Apr 25, 2012Tim Price

By dismissing politicians’ promises as meaningless, we let ourselves off the hook for making them take action.

By dismissing politicians’ promises as meaningless, we let ourselves off the hook for making them take action.

Politicians are big, fat liars. It’s a belief so deeply ingrained in American culture that we’re taught to revere George Washington as the one-of-a-kind exception who narced himself out for chopping down a cherry tree, and even that story is completely made up. Like many things we believe, it’s not necessarily true that politicians produce lies the way plants produce oxygen. As political scientist Jonathan Bernstein has noted, presidents do basically try to fulfill their campaign promises, but they make more headlines by breaking them. And the 40-year-long effort to discredit government, which Roosevelt Institute Senior Fellow Jeff Madrick has highlighted, has also probably contributed to the belief that our politicians are up to no good. But our constant and perhaps justified skepticism poses some big problems during a presidential election, which is at least partly about whose story of America we find more convincing.

But what if we focused on a different story? One of the most oft-cited incidents from FDR’s presidency is a policy meeting he held with labor leaders shortly after his election, which he concluded by telling them “I agree with you, I want to do it, now make me do it.” Did Roosevelt ever actually say those words? Who knows? Like Washington and his cherry tree, what matters is why we tell the story and what it says about how we view the man in question. FDR understood that regardless of what he personally believed, change had to happen from the bottom up, not just from the top down. He was a bold leader who was never afraid to take on a fight as long as he had the American people on his side. If we stop assuming that politicians will simply deliver progress without our involvement or that the process of policymaking is out of our hands once our votes are cast, then we might start to see elections in a very different light.

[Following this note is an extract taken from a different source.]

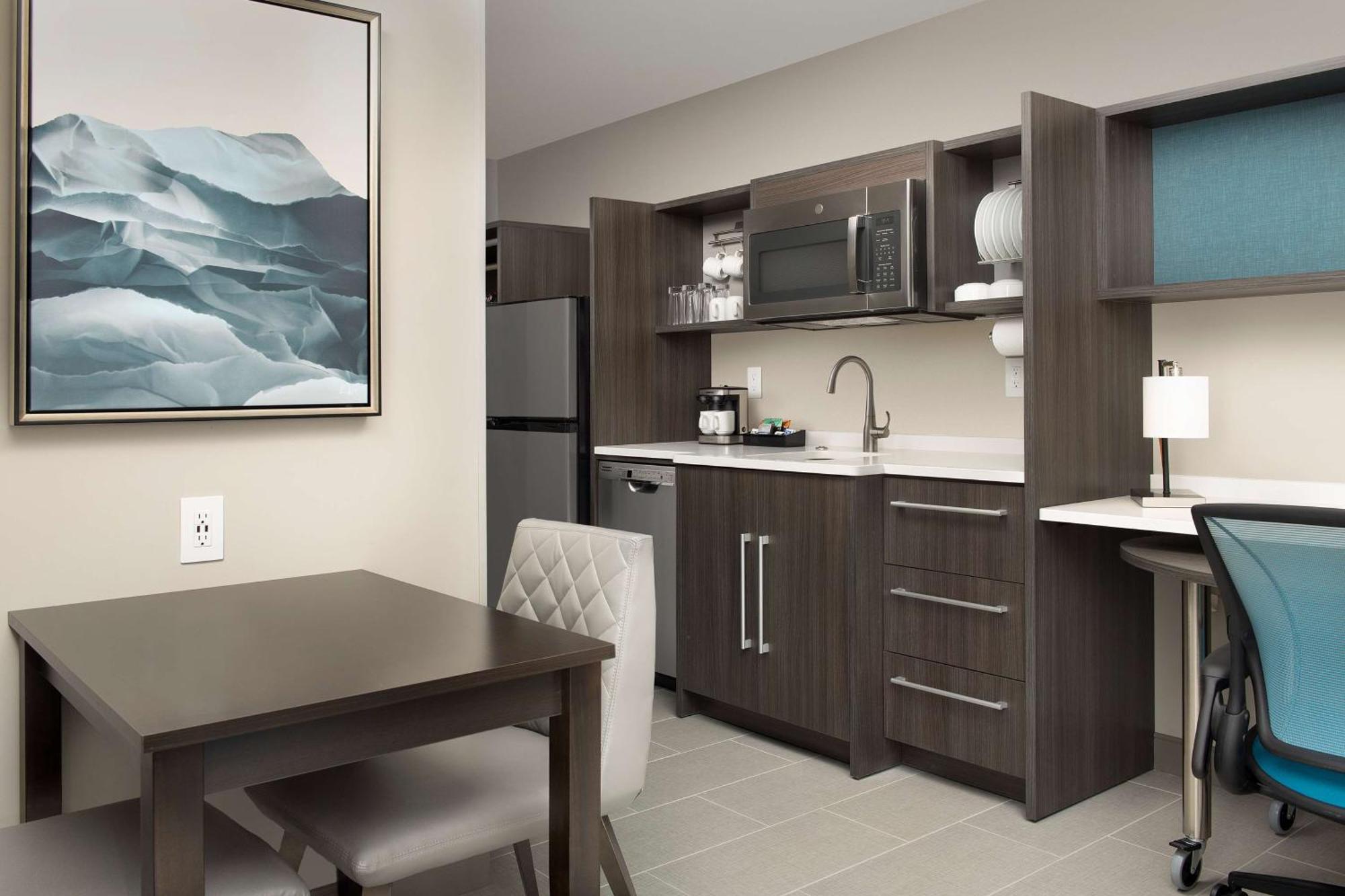 Home2 Suites By Hilton Denver Central Park Eksteriør bilde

This question of trusting what politicians say is a tricky one for both of the major presidential candidates this year. As Mitt Romney makes his 97th pivot from the primaries to the general election, he may try to recant or alter positions he took to please the right-wing base that would send moderates screaming for the hills. A recent Wall Street Journal op-ed noted that “[a]ccording to a Romney adviser, his private view of immigration isn't as anti-immigrant as he often sounded” during the primaries. This prompted Washington Post columnist E.J. Dionne to ask, “Does [that] mean Romney said things that he doesn’t really believe? …How many other ‘private’ positions does Romney hold that we don’t know about?” Romney has been plagued by such accusations of insincerity throughout the campaign, with opponents referring to the presumptive Republican nominee as a “well-oiled weather vane” and piling on an ill-judged remark comparing him to an Etch-A-Sketch.

Likewise, President Obama has come under fire from the left for promising “change you can believe in” and delivering only a handful of heavily compromised victories. Some progressives are especially frustrated because they believe Obama secretly agrees with their policy prescriptions but lacks the courage or political support to advocate for them. One such issue is gay marriage, where Obama claims his views are “evolving” in favor of legality despite the fact that he openly supported it 16 years ago and conveniently devolved just in time to run for higher office. Others see it as naïve to think that Obama has done anything other than what he wants to do. Roosevelt Institute Fellow Matt Stoller wrote that by blaming the president’s failures on management rather than ideology, “all the media boosters and center-left validators of Obama in 2008 let themselves off the hook for mistakes. Instead, they ask, ‘where did our inspiring Obama go?’”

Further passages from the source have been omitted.